Guest article by Alex Williams
(Image: Chris Pasley, reproduced with permission)
As prime minister David Cameron reportedly considers military intervention in Syria, Britain’s dismantled Harrier GR9 force bakes beneath the sun of the Arizona desert. The famous “jump jets”, 72 in total, were controversially sold to the US Marine Corps in November 2011 for just 180 million USD – the projected cost of one F-35 Lightning II, which won’t replace the Harrier until around 2020.
As a result, the UK currently has no fixed-wing aircraft on its one operational carrier, although the government did consider resurrecting the Harrier force, which had undergone a £600 million upgrade over the past decade, during the Libya conflict.
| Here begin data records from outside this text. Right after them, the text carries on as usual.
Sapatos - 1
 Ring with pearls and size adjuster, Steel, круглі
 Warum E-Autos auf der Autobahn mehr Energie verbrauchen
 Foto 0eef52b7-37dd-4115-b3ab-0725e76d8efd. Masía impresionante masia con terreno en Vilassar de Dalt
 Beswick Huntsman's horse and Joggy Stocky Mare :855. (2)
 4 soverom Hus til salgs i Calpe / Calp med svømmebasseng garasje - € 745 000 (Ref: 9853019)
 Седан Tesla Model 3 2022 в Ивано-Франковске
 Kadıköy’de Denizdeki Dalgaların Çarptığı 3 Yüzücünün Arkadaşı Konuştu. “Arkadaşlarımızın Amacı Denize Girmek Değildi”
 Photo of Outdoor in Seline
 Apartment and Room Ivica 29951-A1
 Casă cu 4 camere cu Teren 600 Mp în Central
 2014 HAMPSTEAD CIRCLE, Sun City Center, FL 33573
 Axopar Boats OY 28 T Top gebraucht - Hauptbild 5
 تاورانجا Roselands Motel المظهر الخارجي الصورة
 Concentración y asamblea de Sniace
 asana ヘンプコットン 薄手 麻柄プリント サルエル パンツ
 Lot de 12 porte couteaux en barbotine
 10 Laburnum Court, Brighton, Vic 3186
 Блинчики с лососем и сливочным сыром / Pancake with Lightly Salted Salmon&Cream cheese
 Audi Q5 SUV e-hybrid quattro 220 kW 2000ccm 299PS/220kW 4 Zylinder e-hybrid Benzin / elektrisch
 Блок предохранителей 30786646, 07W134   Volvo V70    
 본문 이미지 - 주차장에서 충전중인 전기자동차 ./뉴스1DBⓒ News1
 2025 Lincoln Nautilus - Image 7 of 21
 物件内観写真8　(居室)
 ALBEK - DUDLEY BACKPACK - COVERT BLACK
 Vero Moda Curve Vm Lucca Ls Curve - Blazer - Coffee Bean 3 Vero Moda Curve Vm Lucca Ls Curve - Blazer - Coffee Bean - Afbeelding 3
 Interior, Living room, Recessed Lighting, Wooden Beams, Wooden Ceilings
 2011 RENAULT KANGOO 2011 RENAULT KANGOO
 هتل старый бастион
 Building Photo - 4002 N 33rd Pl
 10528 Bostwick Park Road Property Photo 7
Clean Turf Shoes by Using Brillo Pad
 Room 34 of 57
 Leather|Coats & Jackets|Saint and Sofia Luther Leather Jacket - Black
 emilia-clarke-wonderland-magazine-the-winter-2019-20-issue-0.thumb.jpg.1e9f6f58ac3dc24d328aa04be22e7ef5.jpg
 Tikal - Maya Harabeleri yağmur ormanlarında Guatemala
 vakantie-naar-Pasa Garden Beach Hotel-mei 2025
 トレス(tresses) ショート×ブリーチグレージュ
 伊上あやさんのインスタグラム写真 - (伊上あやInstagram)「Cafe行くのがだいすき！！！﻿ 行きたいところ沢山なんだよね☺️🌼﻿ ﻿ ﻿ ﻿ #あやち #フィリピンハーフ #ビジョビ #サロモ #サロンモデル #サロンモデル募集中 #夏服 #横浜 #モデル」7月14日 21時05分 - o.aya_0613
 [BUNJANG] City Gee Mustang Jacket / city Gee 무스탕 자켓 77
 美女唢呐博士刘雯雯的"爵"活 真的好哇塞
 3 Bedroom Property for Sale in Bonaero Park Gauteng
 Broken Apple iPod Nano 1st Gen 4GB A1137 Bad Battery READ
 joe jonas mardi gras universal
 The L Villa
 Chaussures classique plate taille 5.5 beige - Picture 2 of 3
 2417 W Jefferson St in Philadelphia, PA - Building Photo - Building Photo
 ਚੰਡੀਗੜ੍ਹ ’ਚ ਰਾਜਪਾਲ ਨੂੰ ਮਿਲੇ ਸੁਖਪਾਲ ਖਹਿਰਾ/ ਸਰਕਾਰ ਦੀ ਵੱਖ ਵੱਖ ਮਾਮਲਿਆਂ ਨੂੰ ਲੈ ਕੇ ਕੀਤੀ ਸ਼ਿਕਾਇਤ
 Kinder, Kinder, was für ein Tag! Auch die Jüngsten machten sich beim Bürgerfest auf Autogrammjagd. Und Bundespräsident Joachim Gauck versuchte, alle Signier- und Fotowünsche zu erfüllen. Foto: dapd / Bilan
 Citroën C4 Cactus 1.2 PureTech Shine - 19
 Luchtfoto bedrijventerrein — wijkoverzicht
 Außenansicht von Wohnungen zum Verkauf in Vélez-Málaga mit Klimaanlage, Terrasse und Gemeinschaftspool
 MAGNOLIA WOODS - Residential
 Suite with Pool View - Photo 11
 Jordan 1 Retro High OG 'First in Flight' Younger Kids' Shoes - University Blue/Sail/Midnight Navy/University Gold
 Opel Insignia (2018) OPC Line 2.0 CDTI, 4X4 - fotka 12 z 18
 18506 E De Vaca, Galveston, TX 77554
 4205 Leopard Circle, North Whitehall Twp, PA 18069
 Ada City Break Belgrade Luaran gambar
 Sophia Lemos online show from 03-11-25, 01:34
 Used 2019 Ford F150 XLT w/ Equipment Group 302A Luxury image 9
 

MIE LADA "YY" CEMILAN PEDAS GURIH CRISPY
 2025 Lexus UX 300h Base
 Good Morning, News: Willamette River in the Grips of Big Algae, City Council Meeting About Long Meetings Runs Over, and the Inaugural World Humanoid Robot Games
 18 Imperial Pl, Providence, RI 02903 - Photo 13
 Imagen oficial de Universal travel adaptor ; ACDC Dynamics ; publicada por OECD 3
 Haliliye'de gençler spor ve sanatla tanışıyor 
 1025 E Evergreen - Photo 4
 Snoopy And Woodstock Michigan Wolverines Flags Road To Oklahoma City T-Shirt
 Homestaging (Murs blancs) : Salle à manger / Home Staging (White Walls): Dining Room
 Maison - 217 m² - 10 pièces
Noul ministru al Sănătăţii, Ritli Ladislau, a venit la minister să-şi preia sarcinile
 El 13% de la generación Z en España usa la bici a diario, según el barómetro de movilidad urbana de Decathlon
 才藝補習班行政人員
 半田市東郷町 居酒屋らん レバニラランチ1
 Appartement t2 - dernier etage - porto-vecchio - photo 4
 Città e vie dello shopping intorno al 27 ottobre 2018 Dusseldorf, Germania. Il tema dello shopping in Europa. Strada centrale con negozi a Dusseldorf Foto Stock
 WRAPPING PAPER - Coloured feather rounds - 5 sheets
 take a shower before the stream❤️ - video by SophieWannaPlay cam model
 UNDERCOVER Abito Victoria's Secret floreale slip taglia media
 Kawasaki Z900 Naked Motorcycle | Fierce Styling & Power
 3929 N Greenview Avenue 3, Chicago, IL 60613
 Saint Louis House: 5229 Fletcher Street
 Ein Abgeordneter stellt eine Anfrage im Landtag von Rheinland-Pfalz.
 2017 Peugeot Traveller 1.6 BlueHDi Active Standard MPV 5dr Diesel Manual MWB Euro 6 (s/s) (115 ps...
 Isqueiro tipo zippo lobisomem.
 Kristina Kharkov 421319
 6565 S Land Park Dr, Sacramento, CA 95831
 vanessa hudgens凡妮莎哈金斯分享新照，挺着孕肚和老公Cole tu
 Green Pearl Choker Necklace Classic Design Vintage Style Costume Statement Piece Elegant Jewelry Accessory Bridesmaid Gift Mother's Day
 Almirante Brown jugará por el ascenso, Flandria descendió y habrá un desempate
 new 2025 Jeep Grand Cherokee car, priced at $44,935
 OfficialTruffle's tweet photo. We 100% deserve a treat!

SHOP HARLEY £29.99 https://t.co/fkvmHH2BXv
It’s believed several of the stored airframes will be returned to service as attrition spares with the USMC, while the remaining hulks will be cannibalised for parts in the famous “Boneyard” at Davis-Monthan AFB.
(Images: Douglas Fernandes, reproduced with permission)
The Harrier first cut its combat teeth during the Falklands War, proving a deadly opponent to Argentine forces both in the air-to-air and air-to-ground roles. Urban Ghosts previously published photos of a wrecked Harrier GR3 that was shot down on May 27, 1982 during an attack on Goose Green. The aircraft, serial number XZ988 (above), crashed on the nearby Lafonia peninsula of East Falkland. Pilot Bob Iveson ejected to safety.